SANTIAGO, Chile — President Michelle Bachelet marked Thursday’s anniversary of the 1973 military coup that toppled Marxist President Salvador Allende by urging Chileans to come forward with any information they might have about people forcibly disappeared during the country’s dictatorship.

About 40,000 people were killed, tortured or imprisoned for political reasons during the 17-year dictatorship of Gen. Augusto Pinochet, and about 1,000 of them have never been found.

“Forty-one years have passed and the witnesses, survivors and victims who saved their own lives are now elderly people,” Bachelet said. “Many of them have died waiting for justice. Many have died in silence. We’ve had enough of painful waiting and unjustified silences. This is the time to join together in the search for truth.”

The complex structures that Pinochet created to protect human rights violators have been falling. About 700 military officials face trial for the forced disappearance of dissidents, and about 70 have been jailed for crimes against humanity.

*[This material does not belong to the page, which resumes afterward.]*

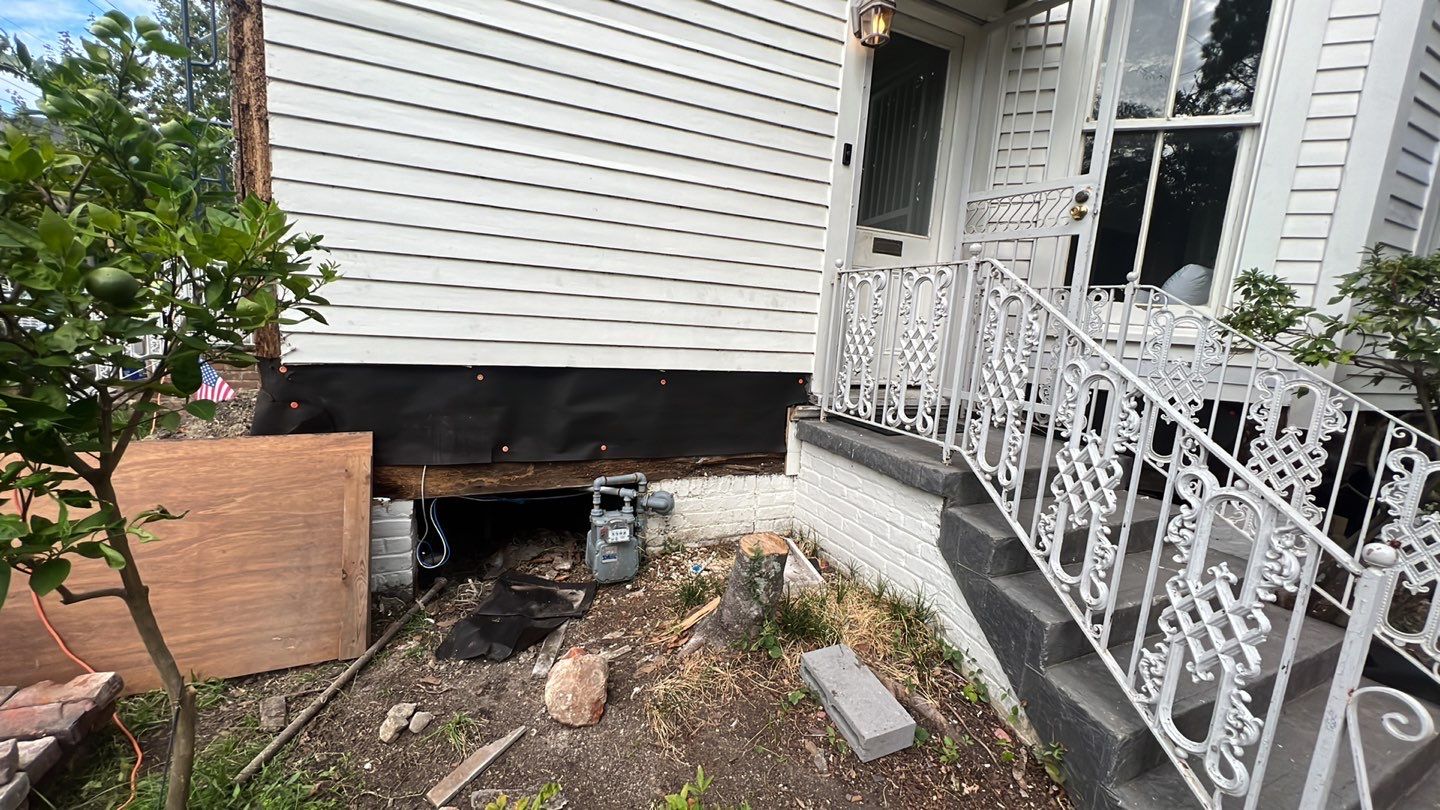 A house with a stairway and a metal railing undergoing foundation repair.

Still, Chileans remain divided over Pinochet’s 1973-90 dictatorship, and the coup anniversary is often marked by violence. Officials reported Thursday that vandals clashed with police overnight, throwing rocks and gasoline bombs and setting up flaming barricades. A public bus was burned. Police arrested 21 people and said at least one officer was injured.

Tensions have been high since a bomb blast in Santiago on Monday injured 14 people at an underground shopping mall connected to a subway station.

It was Chile’s worst such attack in more than two decades.